ねこ庭の独り言

ちいさな猫庭で、風にそよぐ雑草の繰り言

戦後日本の、いびつな反戦・平和

2013-11-27 15:03:58 | 徒然の記

 抽象論でなく、具体的な話で日本の今を考えてみたい。

 「学徒出陣」・・学徒たちは、侵略戦争の担い手だったのか、狂気の軍国主義の犠牲者だったのか。

 この問題は私たちの間で、現在どのように捉えられているのか。
 天皇制と国家主義の犠牲者だったとする、「聞けわだつみの声」に代表される意見が、戦後長い間主流を占めていた。学生だった頃の自分は、出陣した学徒たちに同情し、彼らを戦地へ向かわせた国や、政府に怒りを感じていた。

 11月12日付けの、毎日新聞の記事によると、出陣した学徒はおよそ十万人で、東京周辺だけでも77の学校から入隊したと言われているが、今もって、正確な人数と名前が掴めていないとのことだ。

 全国の大学で、記念碑や像を建てているのは、小樽商大、福島大、一橋大、早稲田大、東洋大など、約20校に過ぎない。慶応大学が、OB元学徒兵の要請に応じ、「帰らざる学友の碑」を建設したのは、平成10年のことだという。

 学業半ばで軍隊に徴用され、戦地へ赴き、ほとんどの学徒が生きて帰らなかった。学生を悼む気持ちは、保守左翼に関係なく共有のものと信じている。それなのになぜ全国の大学が、彼らを悼む碑を今日に至るまで作れなかったのか、人数や名前さえ正確に掴もうとしなかったのか。

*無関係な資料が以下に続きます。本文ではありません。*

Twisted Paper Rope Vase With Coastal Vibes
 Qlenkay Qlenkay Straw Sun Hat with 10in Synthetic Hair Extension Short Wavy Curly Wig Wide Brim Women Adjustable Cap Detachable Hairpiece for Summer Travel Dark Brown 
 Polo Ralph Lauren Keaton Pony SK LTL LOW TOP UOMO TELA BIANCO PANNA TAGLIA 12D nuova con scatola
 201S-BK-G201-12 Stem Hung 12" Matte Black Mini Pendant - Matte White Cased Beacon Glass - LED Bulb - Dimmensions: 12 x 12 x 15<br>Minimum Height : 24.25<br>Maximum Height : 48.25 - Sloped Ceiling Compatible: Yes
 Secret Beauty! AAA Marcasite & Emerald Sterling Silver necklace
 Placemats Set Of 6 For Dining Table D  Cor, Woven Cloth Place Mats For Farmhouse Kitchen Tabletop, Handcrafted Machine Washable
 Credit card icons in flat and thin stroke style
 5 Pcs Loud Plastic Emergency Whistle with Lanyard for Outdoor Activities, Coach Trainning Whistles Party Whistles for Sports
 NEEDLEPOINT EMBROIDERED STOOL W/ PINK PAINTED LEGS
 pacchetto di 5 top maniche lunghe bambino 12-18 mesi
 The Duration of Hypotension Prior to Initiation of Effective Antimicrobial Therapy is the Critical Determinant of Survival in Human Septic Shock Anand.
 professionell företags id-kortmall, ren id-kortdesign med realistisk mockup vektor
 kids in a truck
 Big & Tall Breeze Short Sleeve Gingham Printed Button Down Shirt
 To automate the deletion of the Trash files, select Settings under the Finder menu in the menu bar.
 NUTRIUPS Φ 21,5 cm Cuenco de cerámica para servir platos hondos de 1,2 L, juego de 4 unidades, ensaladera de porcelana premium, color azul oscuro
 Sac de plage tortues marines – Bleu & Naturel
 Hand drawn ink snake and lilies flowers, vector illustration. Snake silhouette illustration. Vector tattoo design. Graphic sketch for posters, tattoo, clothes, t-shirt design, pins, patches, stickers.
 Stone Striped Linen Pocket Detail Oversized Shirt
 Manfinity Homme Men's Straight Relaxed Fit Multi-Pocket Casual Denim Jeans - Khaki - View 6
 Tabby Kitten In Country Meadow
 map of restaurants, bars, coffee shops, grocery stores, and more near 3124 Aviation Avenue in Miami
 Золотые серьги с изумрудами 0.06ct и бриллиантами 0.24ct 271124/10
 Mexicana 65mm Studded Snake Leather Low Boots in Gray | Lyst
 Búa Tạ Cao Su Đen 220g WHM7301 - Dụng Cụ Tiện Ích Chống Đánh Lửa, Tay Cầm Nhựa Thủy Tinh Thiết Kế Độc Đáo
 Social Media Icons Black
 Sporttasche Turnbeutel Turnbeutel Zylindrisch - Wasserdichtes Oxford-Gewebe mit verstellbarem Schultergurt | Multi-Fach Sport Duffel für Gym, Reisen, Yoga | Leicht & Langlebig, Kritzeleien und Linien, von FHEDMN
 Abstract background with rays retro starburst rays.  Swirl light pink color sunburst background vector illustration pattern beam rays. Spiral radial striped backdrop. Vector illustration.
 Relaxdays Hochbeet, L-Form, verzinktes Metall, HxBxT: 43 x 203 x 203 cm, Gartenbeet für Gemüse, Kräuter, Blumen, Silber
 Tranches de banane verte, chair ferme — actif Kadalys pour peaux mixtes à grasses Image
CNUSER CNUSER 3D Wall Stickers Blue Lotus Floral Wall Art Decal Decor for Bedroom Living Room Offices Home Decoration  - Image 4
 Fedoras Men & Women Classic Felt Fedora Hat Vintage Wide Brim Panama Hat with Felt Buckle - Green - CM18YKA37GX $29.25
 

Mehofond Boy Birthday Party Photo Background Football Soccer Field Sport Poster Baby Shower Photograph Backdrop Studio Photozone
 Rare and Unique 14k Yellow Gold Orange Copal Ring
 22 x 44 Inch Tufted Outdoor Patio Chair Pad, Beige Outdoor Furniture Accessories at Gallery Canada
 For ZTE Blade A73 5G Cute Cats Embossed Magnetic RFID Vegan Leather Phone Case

  新聞の記事では、ある教授の言葉が紹介されている。

 「あの戦争に参加した者は、どんな形にせよ、悪い人だと言う考えが残っていた。碑を作るとなれば、あの戦争をどう評価するかという問題が関わってくる。様々な戦争観があって、まとめるのはとても難しい。」

 教授の言葉の中に、国の歴史に戦後の私たちがどのように向き合って来たか、という答えが集約されている。中国人記者が、日本の保守政治家が戦争の反省をしていないと糾弾したが、事実は「日本の保守政治家」の一部でなく、私たち日本人が、戦争への検証を怠って来たと言うことだ。正確に言えば、「故意に目をそらして来た」。

 私は彼と違うから、戦争の検証が即座に「反省」につながるとは考えていない。しかし、彼が指摘する通り「なあなあ主義」で、先送りをしてきたのは間違いない。

 大学が本気で戦争の検証をするとしたら、出陣を讃え学徒の士気を鼓舞した教授たちが、今はどうしているのか、というところから初めなくてならない。

 戦争賛美者から一転し、戦後に平和憲法賛美者へ変節した学者たちの名前を、若槻泰雄氏の著作から引用すると、驚きたくなる事実がある。沢山名前が列挙されているが、5人だけ紹介する。

 清水幾太郎、末川博、今中次麿、堀真琴、平野義太郎の各氏だ。

 著名な学者たちは、何も知らない国民には人道主義者、平和主義者として敬意を払われている。教育界や学界で占めている彼らの高い地位を考えると、「和をもって尊しとなす」日本人が、今更寝た子を起こすような、深刻でやっかいな検証をするだろうか。

 これまで何度も指摘して来たが、新聞も例外でない。あれだけ戦争遂行に協力し、国民を駆り立て、勇ましい記事を連日書いた新聞が、今はどうだろう。反戦・平和の旗手となり、戦前の行為には何の弁明もない。

 私たち国民も、そんな新聞を許容している。自分の過去に頬冠りしているマスコミが、学者たちの過去の検証に手を貸す訳がない。それどころか「敗戦の日」の記事は、国民の受けた悲惨な戦争の思い出のオンパレードだ。

 日本は侵略戦争を反省していないと、中国や韓国・北朝鮮と大合唱する前に、「敗戦の日」の新聞記事に、「被害者としての思い出」だけでなく、「戦意を称賛した人間たちの思い出」を掲載してはと提案したい。

 戦争の検証を曖昧にしている元凶は、日本のマスコミでもあり、それを批判しない私たち国民でもある。

 「保守政治家の一部」などという、見当違いの批判を述べてはなるまい。反日の学者先生やマスコミのように、私は自分を責任のらち外に置き、批判だけしているのではない。

 言いたいことはもっとあるが、本日はこれまでだ。どうせ、「みみずの戯言」でないか。